§ **REQUIREMENT**
A faithful copy of every record is needed here. Images must not appear in it.

§ **Stored items from a collection**
┄┄┄┄┄┄┄┄┄┄┄┄┄┄┄┄┄┄┄┄

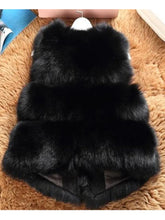 Load image into Gallery viewer, 3XL Winter Thick Warm Faux Fox Fur Vest High Quality Fashion V-Neck Short Fur Coat Female Fur Waistcoat
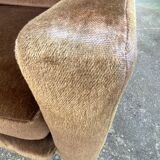 Pair of vintage brown armchairs circa 1970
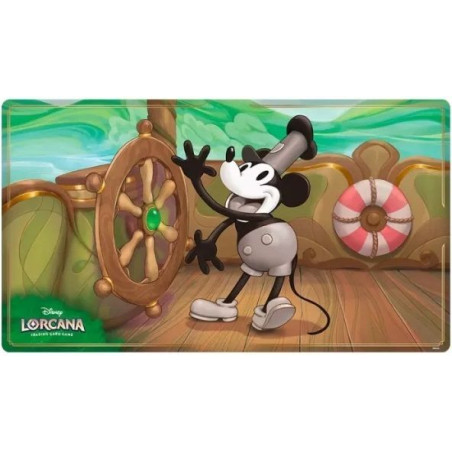 Lorcana Tapete Mickey Mouse Steamboat Pilot The First Chapter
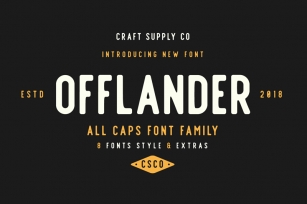 Offlander Font Download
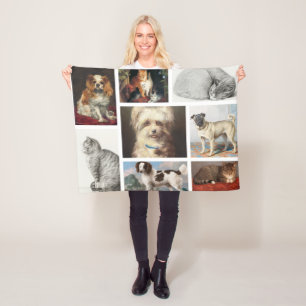 Couverture Polaire Chien Chat Animaux 8 Portrait Photo Gardien de col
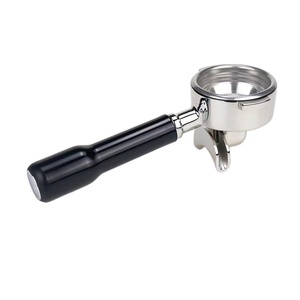 Portafiltro de caños dobles <span class=keywords><strong>Espresso</strong></span> de 58MM con 2 orejas compatible con E61 Exporbar con cesta de acero inoxidable PC Handle Flair <span class=keywords><strong>Rocket</strong></span> Sanremo - Product Image 1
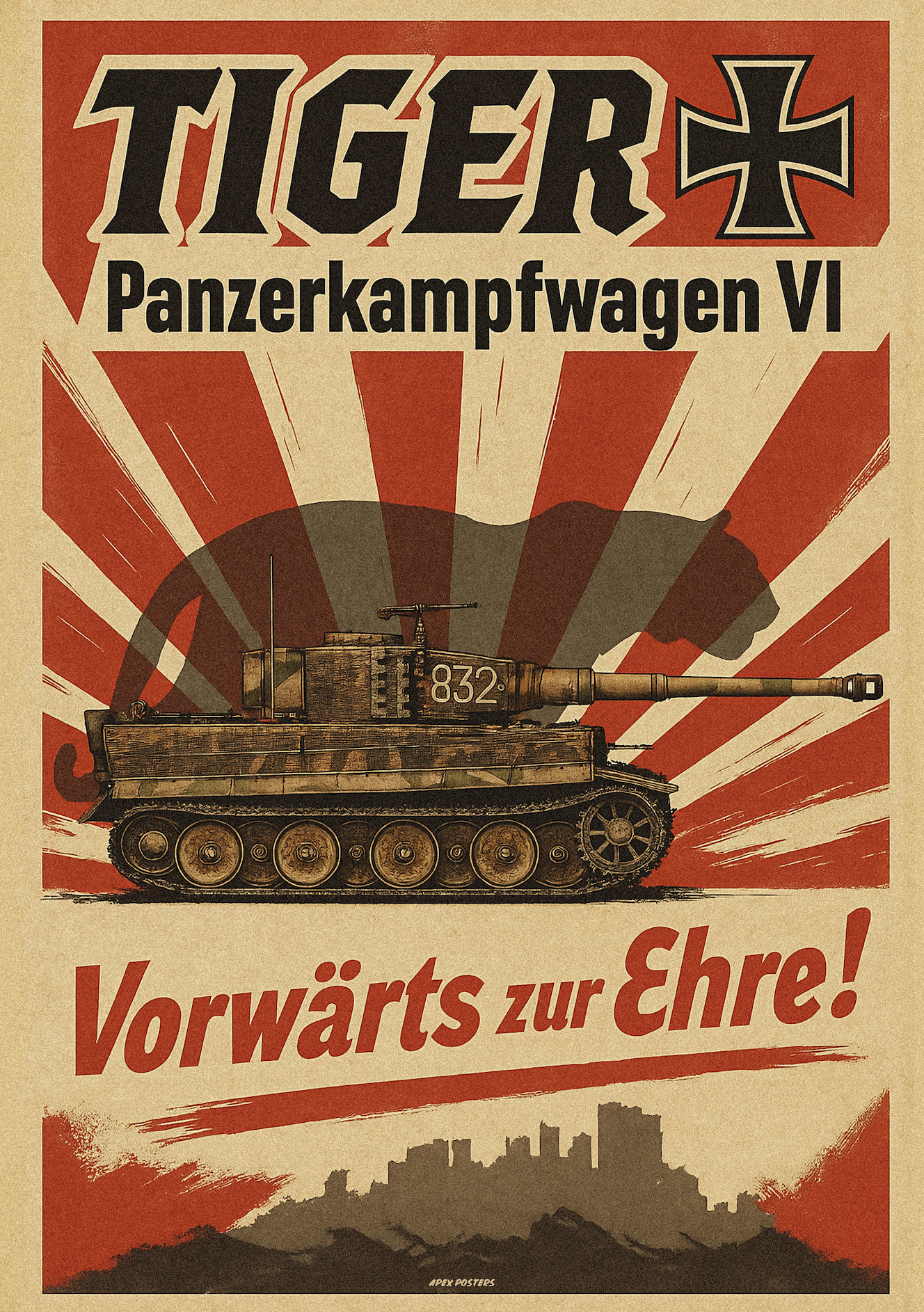 Tiger Tank Poster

┄┄┄┄┄┄┄┄┄┄┄┄┄┄┄┄┄┄┄┄

§ **EXERCISE ANSWER**
 Load image into Gallery viewer, 3XL Winter Thick Warm Faux Fox Fur Vest High Quality Fashion V-Neck Short Fur Coat Female Fur Waistcoat
 Pair of vintage brown armchairs circa 1970
 Lorcana Tapete Mickey Mouse Steamboat Pilot The First Chapter
 Offlander Font Download
 Couverture Polaire Chien Chat Animaux 8 Portrait Photo Gardien de col
 Portafiltro de caños dobles <span class=keywords><strong>Espresso</strong></span> de 58MM con 2 orejas compatible con E61 Exporbar con cesta de acero inoxidable PC Handle Flair <span class=keywords><strong>Rocket</strong></span> Sanremo - Product Image 1
 Tiger Tank Poster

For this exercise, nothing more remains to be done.